La majorité réfléchit à supprimer d'autres niches fiscales « brunes »

La suppression de la détaxe sur le GNR pour certaines professions s'inscrit dans le cadre du projet de loi de finances 2024, dont l'examen doit débuter au Parlement fin septembre. Outre le gouvernement, plusieurs députés de la majorité envisagent de s'attaquer aux niches fiscales défavorables à l'environnement, avait expliqué fin août le président du groupe Renaissance à l'Assemblée, Sylvain Maillard, au micro de Radio J.

« Nous allons discuter sur toutes les niches qui ne sont pas écologiques », soit « une bonne trentaine », a indiqué le député de Paris, sans préciser le montant des économies espéré.

Parmi ces « niches fiscales », le Crédit d'impôt recherche (CIR) doit être « regardé à travers le prisme du verdissement de l'économie », avait-il fait valoir, selon qui l'argent public investi à travers les niches fiscales doit participer à « changer le comportement du producteur ou du consommateur », et faire tendre ces derniers vers « un comportement écologique ».

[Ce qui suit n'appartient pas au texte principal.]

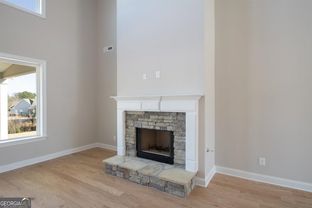 Fieldstone por Dustin Shaw Homes en Atlanta Georgia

Cette mesure pourrait être un moyen de « d'appuyer la transition » écologique, qui doit être « juste » et « finançable », tout en respectant l'impératif de réduire le déficit, avec pour ambition de repasser sous la barre des 3% du PIB d'ici 2027, conformément aux traités européens. Au-delà des règles imposées par l'UE et la volonté de rassurer ses voisins, l'exécutif doit également composer avec le verdict des agences de notation, dont les prochaines décisions tomberont à l'automne.

« Il faut revenir à une orthodoxie budgétaire forte et dire que chaque euro dépensé est un euro efficace pour les Français », a plaidé Sylvain Maillard, alors que le gouvernement a promis par ailleurs de ne pas augmenter les impôts.